The National Security Agency’s (NSA) surreptitious surveillance activities are staggeringly alarming in their scope and size. The more you learn about them, the more you’re filled with implacable repugnance. All the agency does, it seems, is try and figure out new ways to stalk people with its perennially askance gaze. But in case you are not done being disgusted and alarmed by the many NSA excesses exposed by Edward Snowden, journalist Glenn Greenwald, who broke the NSA surveillance story in 2013, has published a 272-page book that contains a number of “never-before-seen documents entrusted to him by Snowden himself.”
Among the fresh documents released with Greenwald’s book, called No Place to Hide, is an article that sheds light on how the NSA’s Tailored Access Operations (TAO) unit goes about planting backdoors in servers, routers and other such devices.
According to Ars Technica, the said document, an article from a June 2010 internal newsletter, also includes a few ocular treats for its readers.
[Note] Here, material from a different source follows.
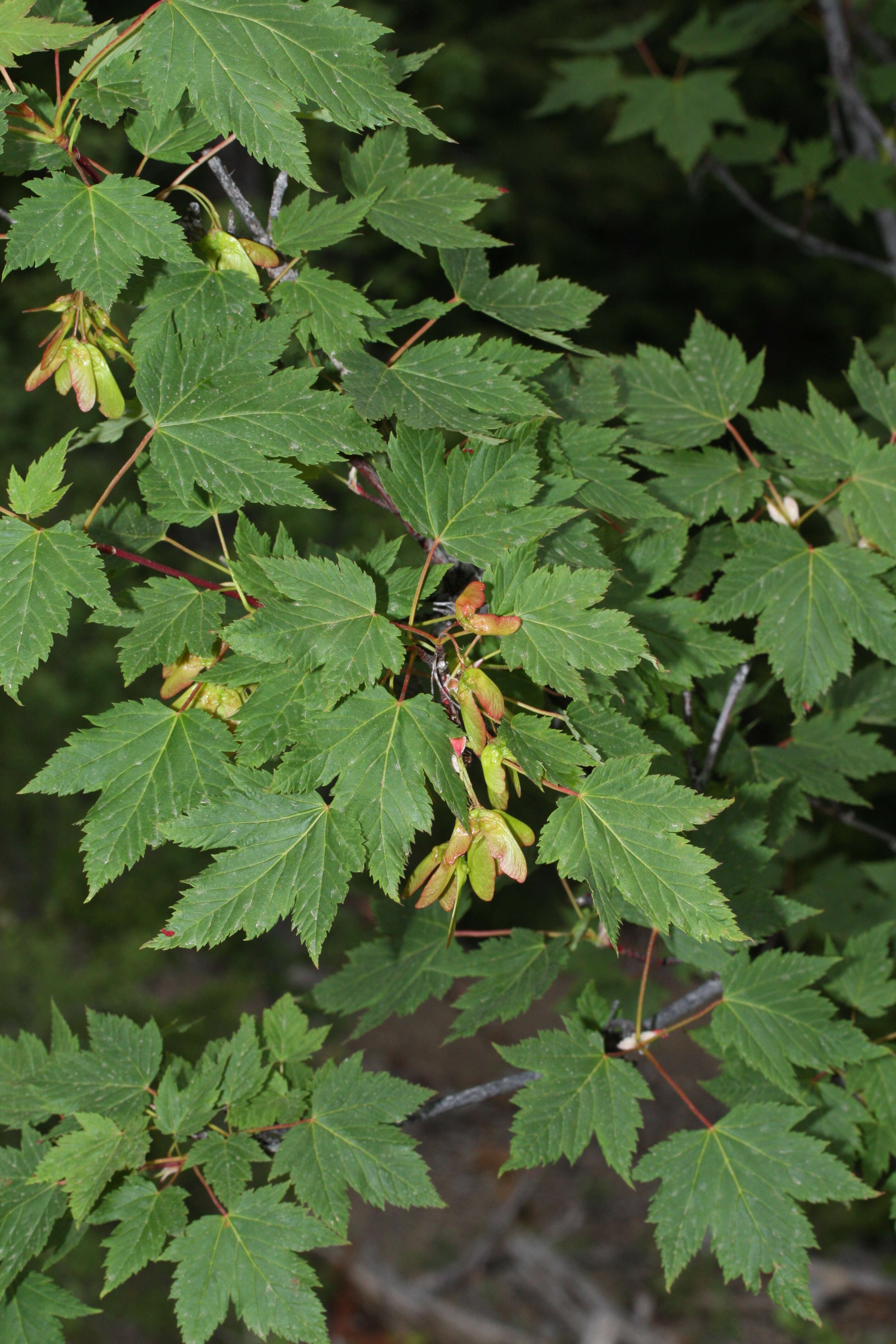 Image of Rocky Mountain maple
One of the photographs included with the article shows NSA employees carefully unpacking a Cisco router from its shipping carton in order to install “beacon implants.”
“Here’s how it works: shipments of computer network devices (servers, routers, etc,) being delivered to our targets throughout the world are intercepted,” reads the article. “Next, they are redirected to a secret location where Tailored Access Operations/Access Operations (AO-S326) employees, with the support of the Remote Operations Center (S321), enable the installation of beacon implants directly into our targets’ electronic devices. These devices are then re-packaged and placed back into transit to the original destination. All of this happens with the support of Intelligence Community partners and the technical wizards in TAO.”